LTO: ‘Diversificatie wenselijker dan rotatie bij GLB-basisvergoeding’

De LTO-vakgroep Akkerbouw en Vollegrondsgroente heeft onlangs overleg gehad met het ministerie van LNV en de uitvoerorganisatie RVO over de beoogde basiseisen voor de GLB-basisvergoeding, de zogenoemde conditionaliteit. Een belangrijk punt voor de akkerbouw- en vollegrondsgroentensector is het punt van vruchtwisseling: rotatie versus diversificatie in de teelten. Volgens LTO geeft de EU in haar documenten de voorkeur aan rotatie. LNV minister Schouten heeft recent aan de Tweede Kamer laten weten, dat ieder land hier een eigen invulling aan mag geven.
Diversificatie
De LTO-vakgroep Akkerbouw en Vollegrondsgroente pleit bij de minister nadrukkelijk voor diversificatie.

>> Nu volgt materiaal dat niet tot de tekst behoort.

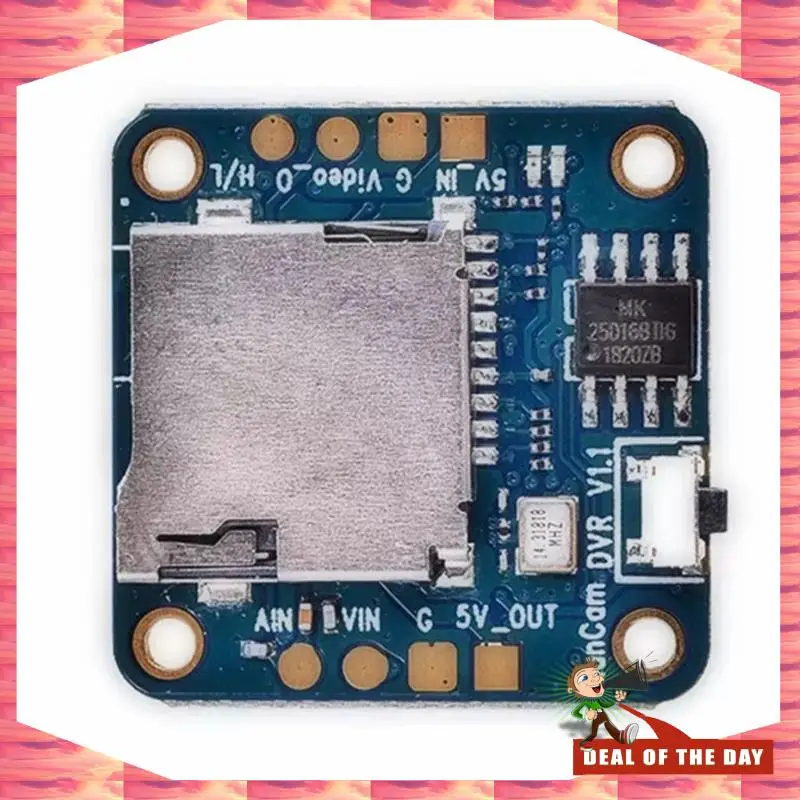 تسليم 24 ساعة 1 قطعة صغيرة FPV DVR مسجل فيديو مسجل الصوت M2 حفرة الأزرق ل Mini FPV سباق الطائرة بدون طيار كوادكوبتر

Hierbij heeft ze voor de akkerbouw en vollegrondsgroenten benadrukt dat het niet wenselijk is om voor intensieve gewassen een vruchtwisseling met rustgewassen in een 1 op 4 schema op bouwplanniveau in te voeren. De vakgroep stelt minister Schouten voor om op perceelsniveau, in een nog te bepalen frequentie, de teelt van een rustgewas in te voegen, om zo te komen tot een optimale vruchtwisseling. Volgens de vakgroep is LNV hiermee op het spoor gezet om geen voorschriften voor de intensieve akkerbouw- en vollegrondsgroententeelten op te nemen, maar juist voor de rustgewassen. Ook is gesproken over bufferzones. Daarbij heeft de LTO-vakgroep bij de minister aangegeven dat ze er niets in ziet om de bufferzones op te nemen in de conditionaliteit. Volgens LTO passen deze zones beter in de ecoregeling.